• The task
In this exercise, the entries below include pictures. Repeat exactly the lines from the line with "平成07年03月中古その他ユソーキユソーキの画像29" to the line with "Pengalaman taruhan dengan", including both, but without the pictures.

• Data
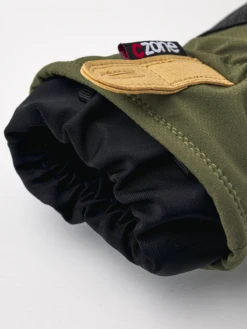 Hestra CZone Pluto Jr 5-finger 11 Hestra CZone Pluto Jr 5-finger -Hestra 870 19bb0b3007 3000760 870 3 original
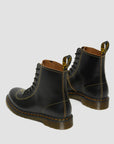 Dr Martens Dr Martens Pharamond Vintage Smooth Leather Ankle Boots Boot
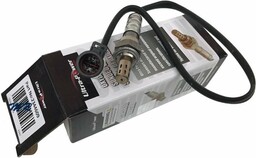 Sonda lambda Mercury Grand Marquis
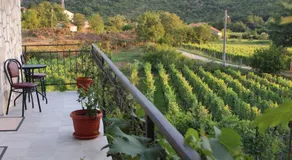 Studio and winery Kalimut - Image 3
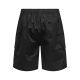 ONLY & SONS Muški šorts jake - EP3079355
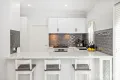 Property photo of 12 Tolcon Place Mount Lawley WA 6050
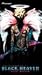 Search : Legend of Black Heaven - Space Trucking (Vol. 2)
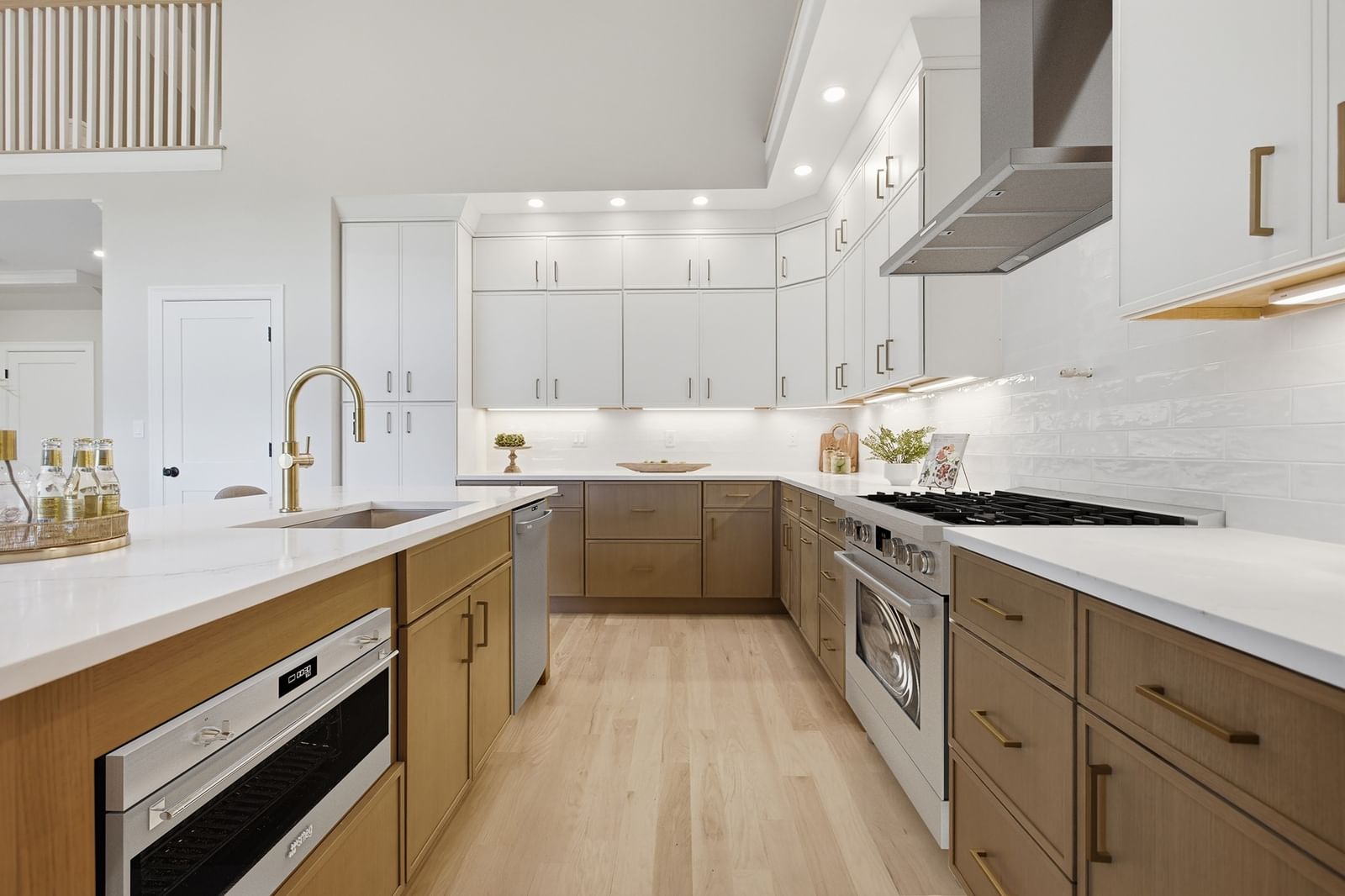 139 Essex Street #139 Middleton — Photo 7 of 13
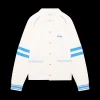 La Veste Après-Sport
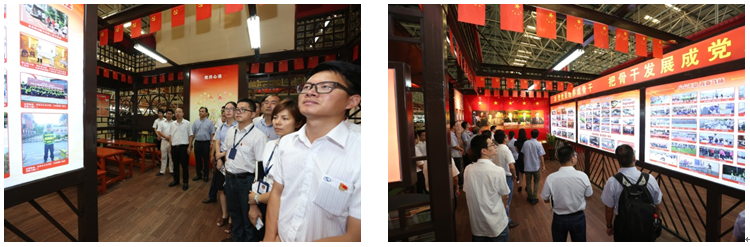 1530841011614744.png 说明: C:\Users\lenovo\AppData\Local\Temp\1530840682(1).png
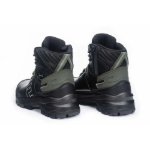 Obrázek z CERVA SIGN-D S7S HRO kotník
---
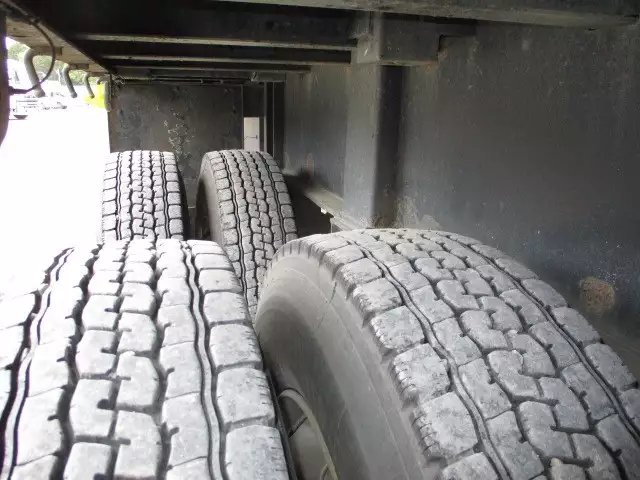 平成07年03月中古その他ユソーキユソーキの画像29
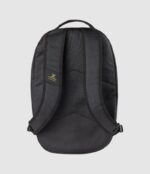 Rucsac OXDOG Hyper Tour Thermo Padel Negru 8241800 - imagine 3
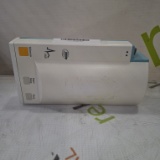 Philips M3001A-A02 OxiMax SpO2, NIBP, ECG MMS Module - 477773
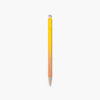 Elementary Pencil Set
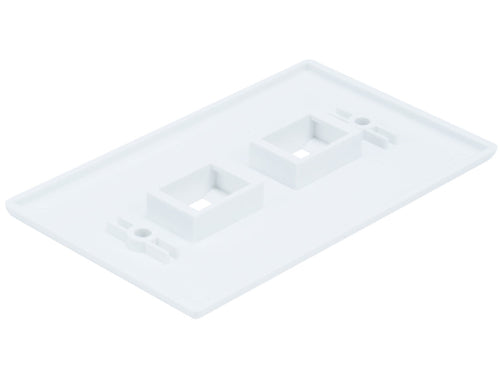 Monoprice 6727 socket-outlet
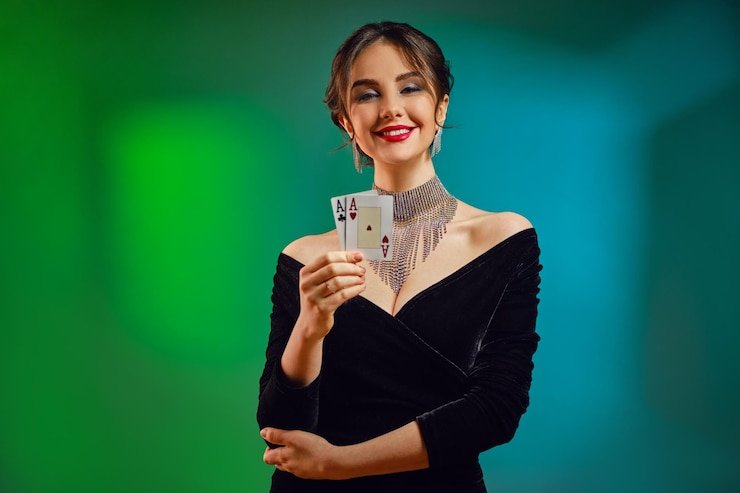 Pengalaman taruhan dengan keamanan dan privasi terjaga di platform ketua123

• Response for this exercise
 平成07年03月中古その他ユソーキユソーキの画像29
 Rucsac OXDOG Hyper Tour Thermo Padel Negru 8241800 - imagine 3
 Philips M3001A-A02 OxiMax SpO2, NIBP, ECG MMS Module - 477773
 Elementary Pencil Set
 Monoprice 6727 socket-outlet
 Pengalaman taruhan dengan keamanan dan privasi terjaga di platform ketua123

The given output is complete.